Aujourd’hui, on bosse pour tous les fournisseurs. Moi, en tant qu’agent PI, je peux faire des coupures pour Direct énergie, Poweo, EDF ou GDf qui est maintenant un concurrent d’EDF et qui vend de l’électricité. Pour chaque coupure impayée, c’est facturé 150 euros, quel que soit le fournisseur. En sachant que ce ne sont pas des philanthropes, ils répercutent la facture aux clients.

On est en train de mettre en place à la place du service public un service du fric.

Mais on ne se laisse pas faire, on continue à agir. Je me souviens d’une action qu’on avait menée.
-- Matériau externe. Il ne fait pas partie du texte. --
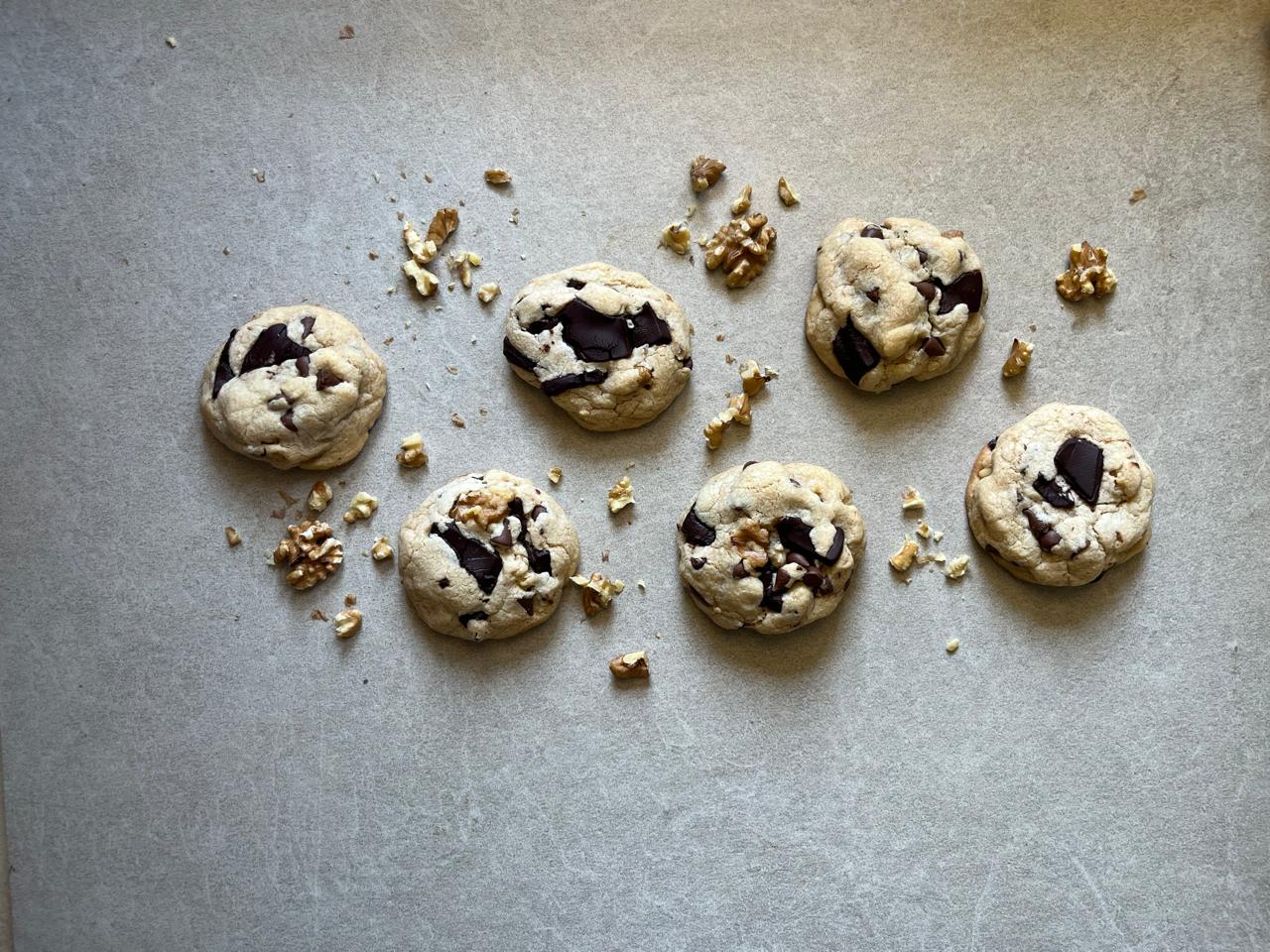 Six cookies laid out with walnuts in between them. They're the chunkiest cookie you've ever seen in Dubai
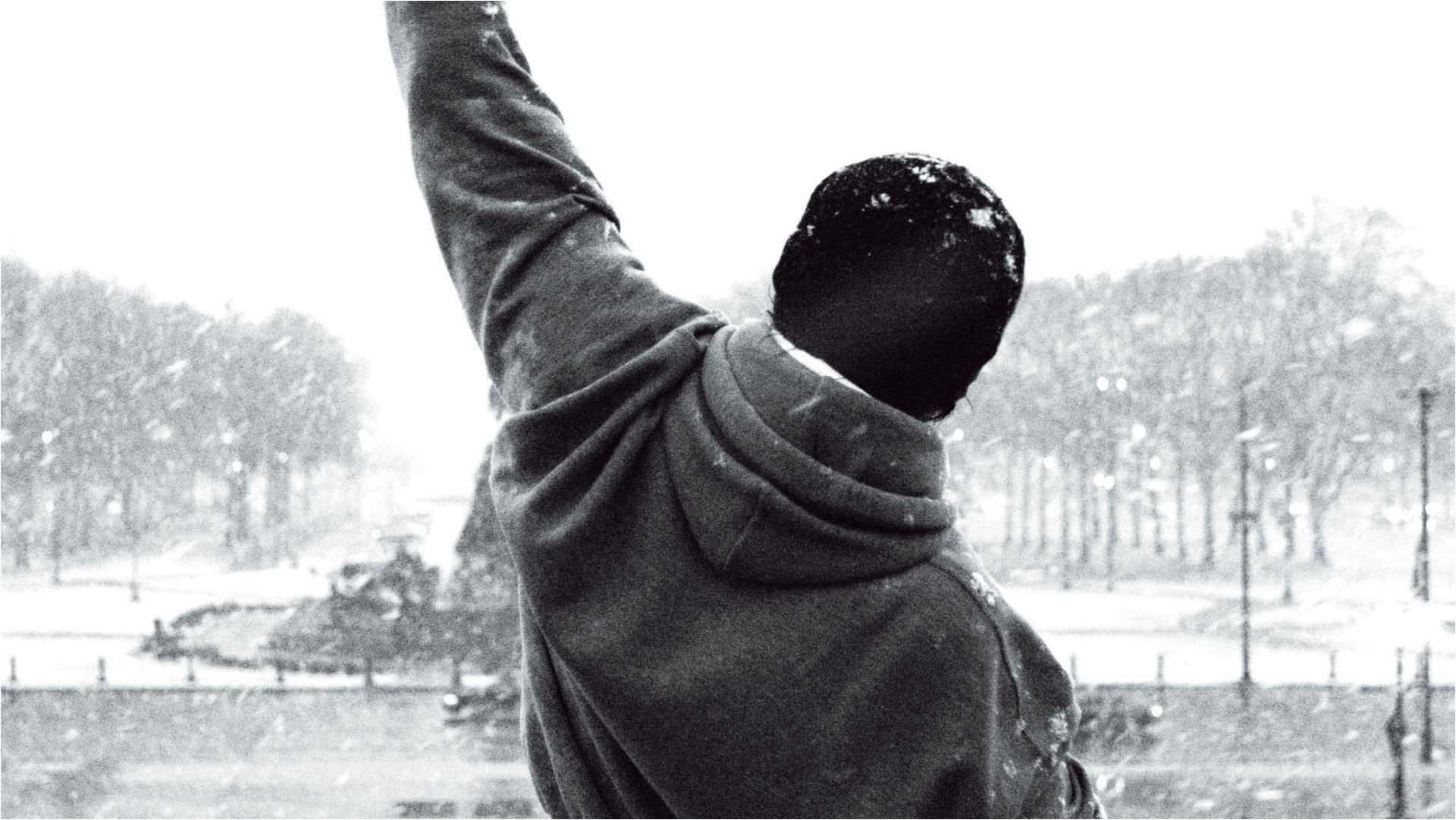 冬天在雪地公園裡舉起手臂的連帽衫人物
C’était l’hiver 2003 et il y avait eu le décès d’une famille avec des enfants suite à une coupure non-paiement. Les gens sans électricité avaient utilisé des bougies qui avaient enflammées leur appartement et toute la famille était morte. Suite à ça, on avait fait grève contre les coupures hivernales. On avait été voir le sous-préfet pour dénoncer la politique d’EDF et pour lui demander de prendre des mesures préventives pour assurer la sécurité des personnes en difficulté et éviter d’autres désastres. Sur le parvis de la sous-préfecture, on s’était dit :

Qu’est-ce qu’on fait pour faire savoir tout ça ?

On a décidé de rétablir toute une cité minière où plein de gens avaient été coupés puis de basculer l’hôpital de Béthune en heures creuses. On s’est organisés en deux groupes ; un à l’hôpital et un deuxième groupe d’une vingtaine de copains sont partis pour rétablir les gens coupés.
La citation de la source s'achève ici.